Mainly set in 1920s Europe, Paula McLain's The Paris Wife tells the brilliant and turbulent tale of the relationship between Ernest Hemingway and his first wife, Hadley Richardson Hemingway. Hadley recounts her own story and it's an engrossing one of a great romance that stands the test of time only for one partner. While Hadley deals with the pain of eventual rejection with grace, Ernest keeps seeking novelty and eventually succumbs to the personal demons that had always haunted him.

Hadley opens by telling us that she 'finally had to admit that there could be no cure for Paris.' She explains the war as the reason 'we couldn't stop drinking or talking or kissing the wrong people no matter what it ruined.' She then takes us back to 1920 Chicago, where twenty-eight year old Hadley meets the younger Hemingway (a war hero) at a party. Seeking happiness after too much time dealing with her mother's illness and death in St. Louis, Hadley is instantly attracted to Ernest's 'intensity and aliveness', despite her friend Kate's warnings.

They share painful pasts - Ernest still has nightmares of his wartime experience, while Hadley's father committed suicide and a beloved sister died after being badly burned in a fire - and controlling mothers. Ernest feels still a child to his family. But he likes Hadley's directness and honesty. She encourages his writing. They marry in 1921 and head to Paris later that year, after Hadley receives a small inheritance from an uncle. In Paris, they meet other writers and a strong friendship grows between Ernest and Gertrude Stein. They meet Ezra Pound, James Joyce, and F. Scott Fitzgerald, among many others.

Then, as Hadley journeys to meet Ernest in Switzerland, a valise containing his life work to date is stolen from her - Ernest is devastated and their relationship marred. Hadley's pregnancy (wanted by her and not by him) and the birth of their son John (nicknamed 'Bumby') stresses it further. While all this develops, we share the couple's trips to Spain with friends, Ernest's passion for bullfighting, and the relationships that shift and change around them. Finally Ernest begins to stray too - but when he seems to want to maintain a threesome (wife and mistress living together) Hadley has had enough.

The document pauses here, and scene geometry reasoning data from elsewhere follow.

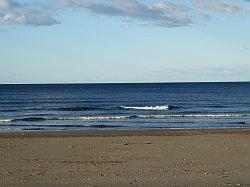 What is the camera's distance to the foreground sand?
37.3ft

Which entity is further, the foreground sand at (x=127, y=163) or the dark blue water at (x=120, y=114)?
the dark blue water at (x=120, y=114)

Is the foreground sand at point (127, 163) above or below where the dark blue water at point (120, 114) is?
above

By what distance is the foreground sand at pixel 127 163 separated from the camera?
11375 mm

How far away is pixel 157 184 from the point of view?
1080cm

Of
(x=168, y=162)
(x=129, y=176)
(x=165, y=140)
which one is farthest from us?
(x=165, y=140)

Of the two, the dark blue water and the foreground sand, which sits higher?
the foreground sand

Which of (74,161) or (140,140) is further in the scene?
(140,140)

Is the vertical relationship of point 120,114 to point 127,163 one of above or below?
below

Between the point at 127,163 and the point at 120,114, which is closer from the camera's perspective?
the point at 127,163

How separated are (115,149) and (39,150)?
289cm

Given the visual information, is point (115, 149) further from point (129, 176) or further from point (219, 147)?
point (129, 176)

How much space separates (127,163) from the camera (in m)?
14.5

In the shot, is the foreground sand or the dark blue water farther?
the dark blue water

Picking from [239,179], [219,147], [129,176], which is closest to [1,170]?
[129,176]
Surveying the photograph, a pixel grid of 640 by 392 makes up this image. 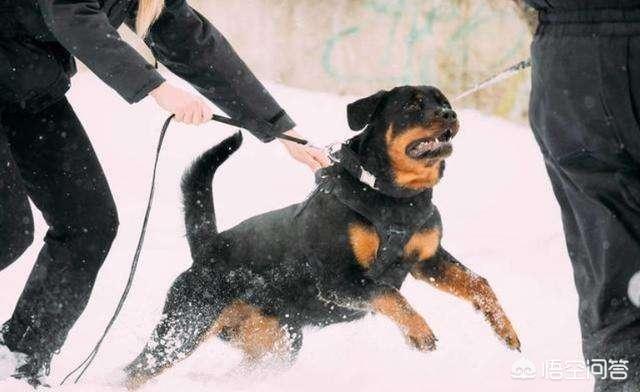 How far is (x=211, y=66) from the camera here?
279cm

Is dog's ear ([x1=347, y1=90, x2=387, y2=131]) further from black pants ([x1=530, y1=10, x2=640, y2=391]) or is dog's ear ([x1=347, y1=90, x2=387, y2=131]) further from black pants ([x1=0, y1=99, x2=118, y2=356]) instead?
black pants ([x1=530, y1=10, x2=640, y2=391])

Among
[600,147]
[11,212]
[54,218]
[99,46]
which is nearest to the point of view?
[600,147]

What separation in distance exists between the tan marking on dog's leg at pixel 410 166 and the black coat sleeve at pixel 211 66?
405 mm

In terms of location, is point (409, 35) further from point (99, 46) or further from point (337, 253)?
point (99, 46)

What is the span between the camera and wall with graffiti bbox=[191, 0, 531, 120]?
7.39 meters

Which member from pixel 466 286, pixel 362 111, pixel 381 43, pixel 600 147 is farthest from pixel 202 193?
pixel 381 43

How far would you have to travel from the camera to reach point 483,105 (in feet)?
25.0

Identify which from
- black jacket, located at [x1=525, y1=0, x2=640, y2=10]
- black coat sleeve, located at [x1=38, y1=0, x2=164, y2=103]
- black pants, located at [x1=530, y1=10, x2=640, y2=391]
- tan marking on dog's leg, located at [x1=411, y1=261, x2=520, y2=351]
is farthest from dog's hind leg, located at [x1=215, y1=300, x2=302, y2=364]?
black jacket, located at [x1=525, y1=0, x2=640, y2=10]

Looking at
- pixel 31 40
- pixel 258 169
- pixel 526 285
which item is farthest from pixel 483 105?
pixel 31 40

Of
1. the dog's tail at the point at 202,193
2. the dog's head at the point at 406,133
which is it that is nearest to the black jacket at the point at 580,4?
the dog's head at the point at 406,133

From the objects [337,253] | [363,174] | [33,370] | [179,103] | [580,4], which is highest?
[580,4]

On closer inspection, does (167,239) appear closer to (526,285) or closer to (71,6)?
(526,285)

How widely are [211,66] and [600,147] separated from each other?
4.80ft

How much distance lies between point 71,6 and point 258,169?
4627 mm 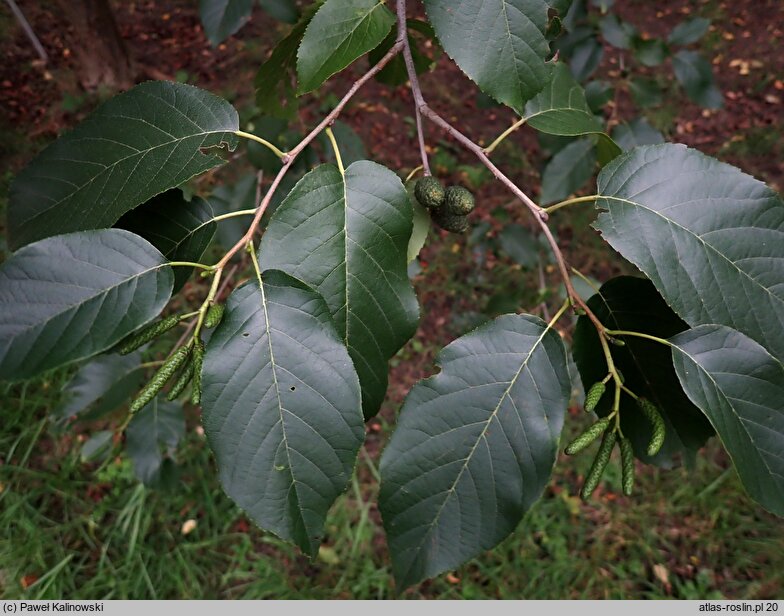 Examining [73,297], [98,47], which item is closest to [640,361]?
[73,297]

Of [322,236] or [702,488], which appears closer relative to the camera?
[322,236]

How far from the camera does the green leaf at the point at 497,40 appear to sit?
86 cm

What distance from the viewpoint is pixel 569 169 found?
188 centimetres

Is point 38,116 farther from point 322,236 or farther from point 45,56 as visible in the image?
point 322,236

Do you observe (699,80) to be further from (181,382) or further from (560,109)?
(181,382)

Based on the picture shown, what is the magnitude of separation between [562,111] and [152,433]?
57.5 inches

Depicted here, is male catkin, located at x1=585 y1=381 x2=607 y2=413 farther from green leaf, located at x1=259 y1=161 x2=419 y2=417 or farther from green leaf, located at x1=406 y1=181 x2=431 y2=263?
green leaf, located at x1=406 y1=181 x2=431 y2=263

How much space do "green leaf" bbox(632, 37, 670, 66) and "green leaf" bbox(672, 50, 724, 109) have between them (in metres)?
0.19

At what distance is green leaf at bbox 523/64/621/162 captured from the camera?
1014mm

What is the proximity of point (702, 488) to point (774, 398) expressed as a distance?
6.55ft

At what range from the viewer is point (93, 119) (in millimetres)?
893

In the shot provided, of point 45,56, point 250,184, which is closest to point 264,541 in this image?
point 250,184

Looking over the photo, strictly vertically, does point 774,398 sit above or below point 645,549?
above

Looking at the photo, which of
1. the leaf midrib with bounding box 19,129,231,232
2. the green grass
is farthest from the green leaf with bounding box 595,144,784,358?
the green grass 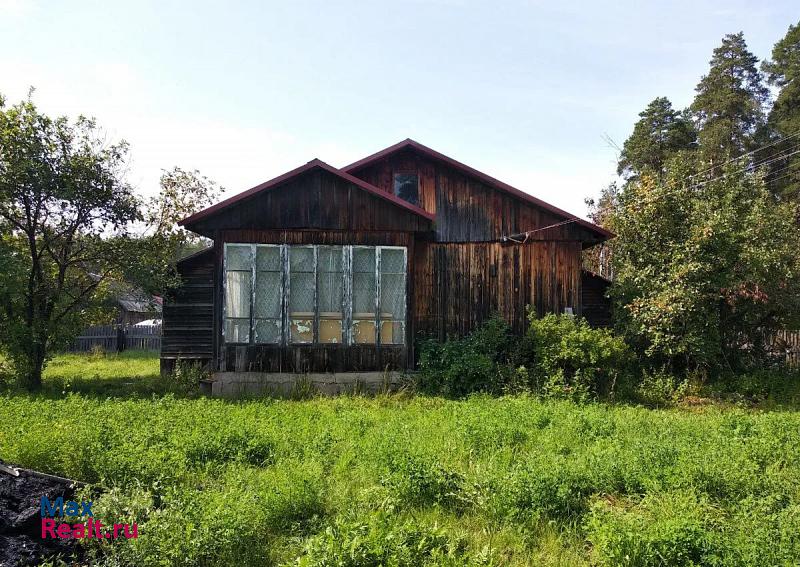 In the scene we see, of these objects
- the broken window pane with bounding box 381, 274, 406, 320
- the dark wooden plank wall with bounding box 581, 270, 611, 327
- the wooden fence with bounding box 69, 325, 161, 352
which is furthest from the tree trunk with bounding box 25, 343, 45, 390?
the dark wooden plank wall with bounding box 581, 270, 611, 327

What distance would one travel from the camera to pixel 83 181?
1112 cm

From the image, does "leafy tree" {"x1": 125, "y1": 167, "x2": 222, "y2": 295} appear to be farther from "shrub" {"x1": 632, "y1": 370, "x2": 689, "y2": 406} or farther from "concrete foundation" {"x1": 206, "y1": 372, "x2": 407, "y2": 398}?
"shrub" {"x1": 632, "y1": 370, "x2": 689, "y2": 406}

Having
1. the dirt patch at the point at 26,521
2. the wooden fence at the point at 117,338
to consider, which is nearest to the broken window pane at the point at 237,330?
the dirt patch at the point at 26,521

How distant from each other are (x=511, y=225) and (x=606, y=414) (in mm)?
5590

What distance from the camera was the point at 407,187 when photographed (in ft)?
42.4

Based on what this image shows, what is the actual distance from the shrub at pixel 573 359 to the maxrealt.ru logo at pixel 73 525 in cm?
790

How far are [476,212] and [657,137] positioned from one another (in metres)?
21.3

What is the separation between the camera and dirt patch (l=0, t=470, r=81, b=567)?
153 inches

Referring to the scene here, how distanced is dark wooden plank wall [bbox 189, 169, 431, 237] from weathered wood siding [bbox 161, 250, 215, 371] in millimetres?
1885

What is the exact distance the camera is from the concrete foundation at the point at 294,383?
34.4 feet

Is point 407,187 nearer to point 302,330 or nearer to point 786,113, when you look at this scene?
point 302,330

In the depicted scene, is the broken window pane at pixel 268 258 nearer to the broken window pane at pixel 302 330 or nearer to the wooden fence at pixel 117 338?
the broken window pane at pixel 302 330

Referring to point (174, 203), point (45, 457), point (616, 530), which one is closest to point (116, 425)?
point (45, 457)

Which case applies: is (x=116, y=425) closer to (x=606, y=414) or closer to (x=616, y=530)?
(x=616, y=530)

Always direct and honest (with herself as much as others) Hadley credits Ernest for changing her - 'He helped me see what I really was and what I could do.' Though she moves on in her life, she is still concerned for the man she considers 'fine and strong and weak and cruel.' The Paris Wife is a remarkable book, portraying an unstable era, a complex and talented man - and the remarkable woman he married. Don't miss this one.